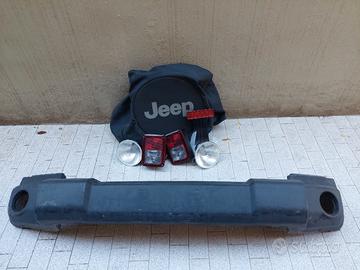 ricambi usati jeep renegade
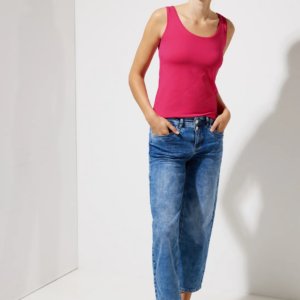 Tielko fuxia Street One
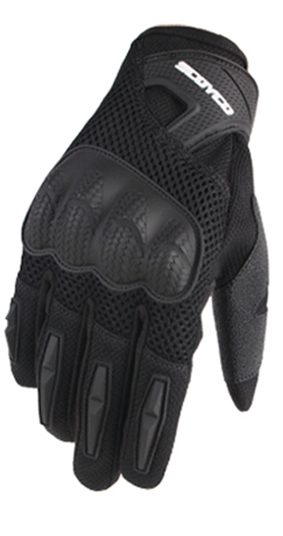 Моторукавички Scoyco MC58-2 Black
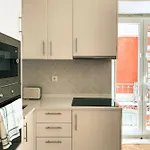Apartmán Concha Miradouro *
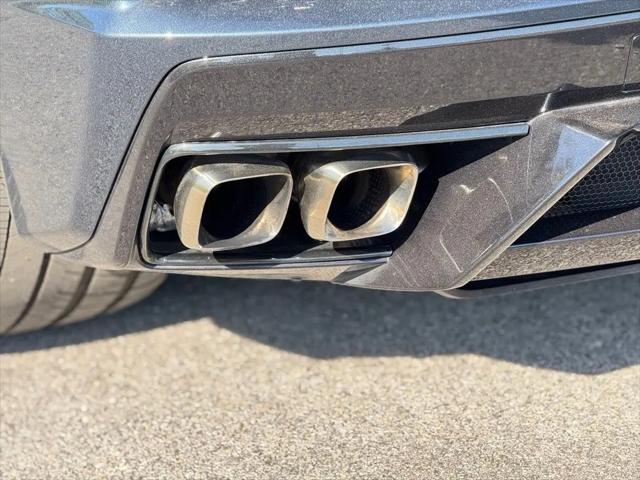 2020 Chevrolet Corvette Stingray RWD Coupe 3LT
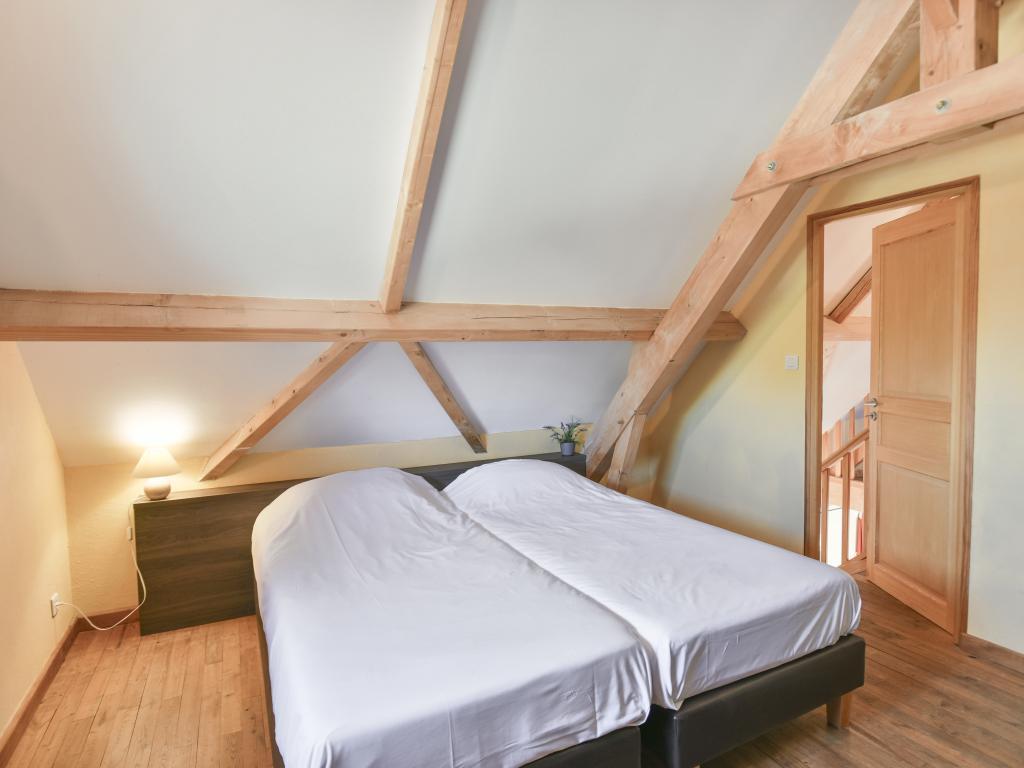 Lac Bleu Nr 38 : maison 3 chambres avec piscine à Lacapelle-Marival - Photo 11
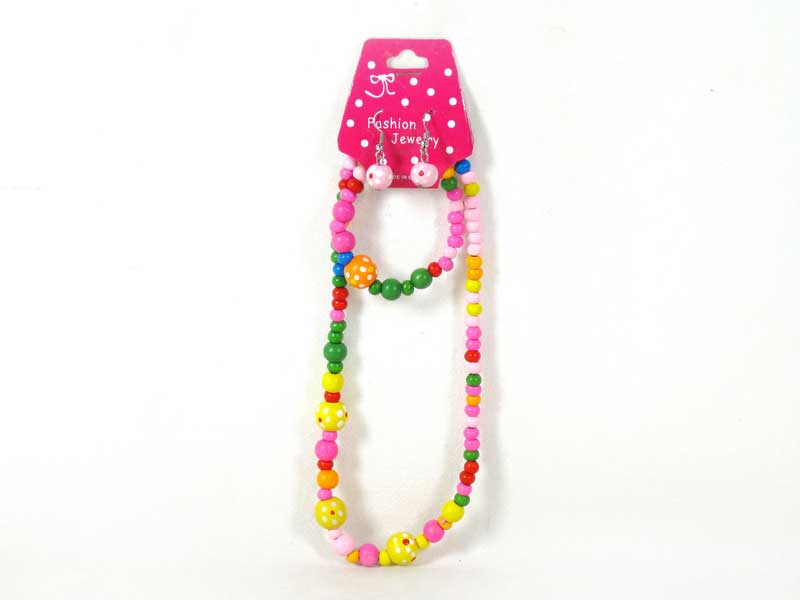 Candy Earrings Set toys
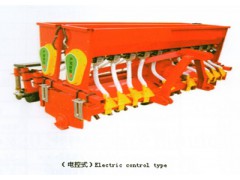 2BFG型免耕施肥播种机图3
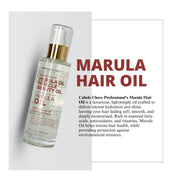 Marula Oil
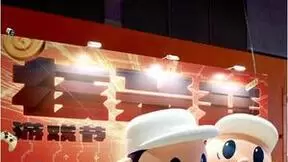 为发烧体验带来发烧性能！WD_BLACK亮相「核聚变」广州站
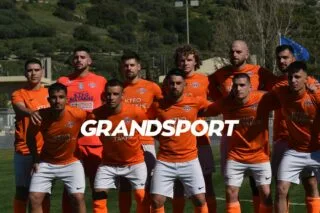 Με σταθερό πλάνο και Κόκκινο συνεχίζει ο Αλμυρός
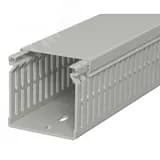Распределительный кабельный канал LK4 N 60x60x2000 мм (ПВХ, серый) OBO Bettermann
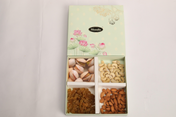 Dry Fruits Gift Box - Small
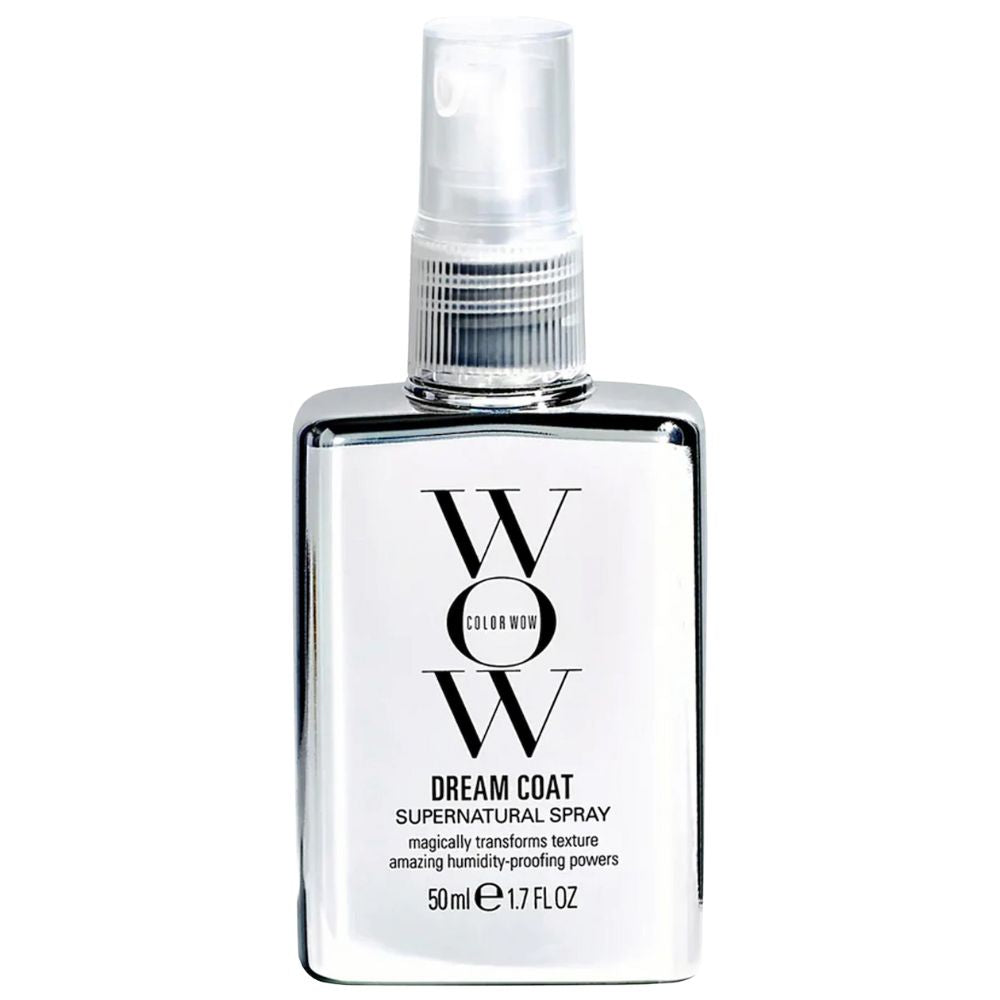 Color WOW Dream Coat Supernatural Spray Antifrizz Treatment 50ml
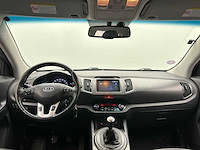 Kia sportage 2.0 x-ecutive plus pack 2010 | 96-nxl-6 - afbeelding 17 van  37
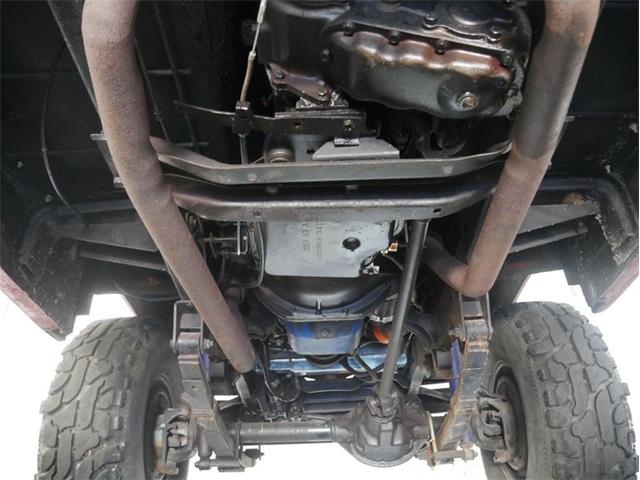 1973 Jeep Commando (CC-2078523) for sale in Palmetto, Florida
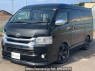 Used 2020 AT toyota hiace-wagon TRH214W Image[0]
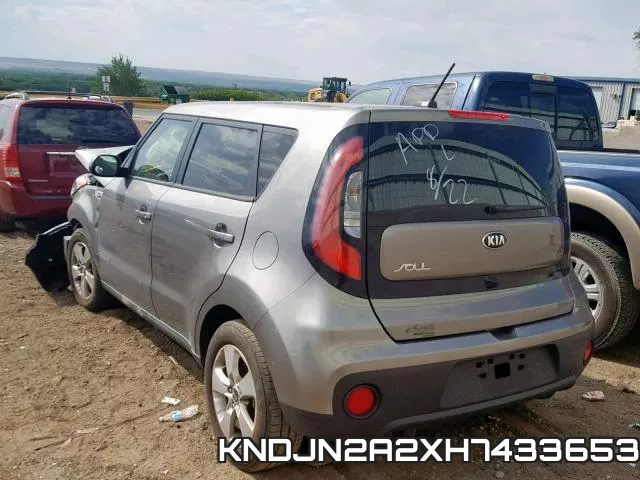 KNDJN2A2XH7433653 фото 4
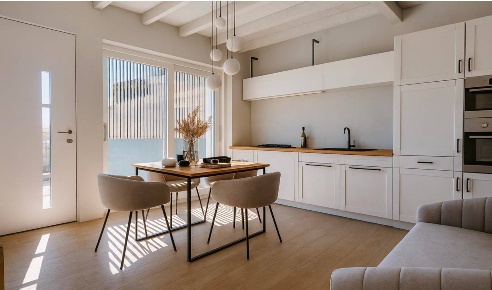 Foto Appartamento a San Benedetto del Tronto De Gasperi, Conad di 50 m²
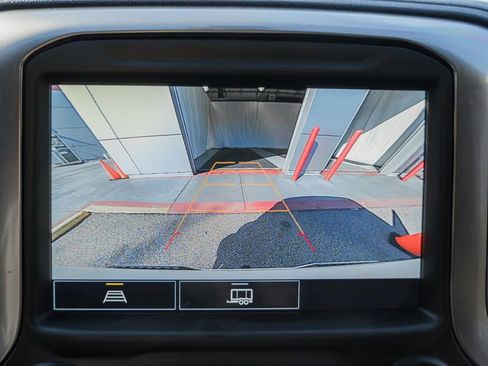 Used 2021 Chevrolet Silverado 1500 RST image 46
----
Reproduce the lines of the data that run from the one containing "Foto Appartamento a" to the final line, both included, exactly as they appear and without the pictures.

__Expected answer__.
 Foto Appartamento a San Benedetto del Tronto De Gasperi, Conad di 50 m²
 Used 2021 Chevrolet Silverado 1500 RST image 46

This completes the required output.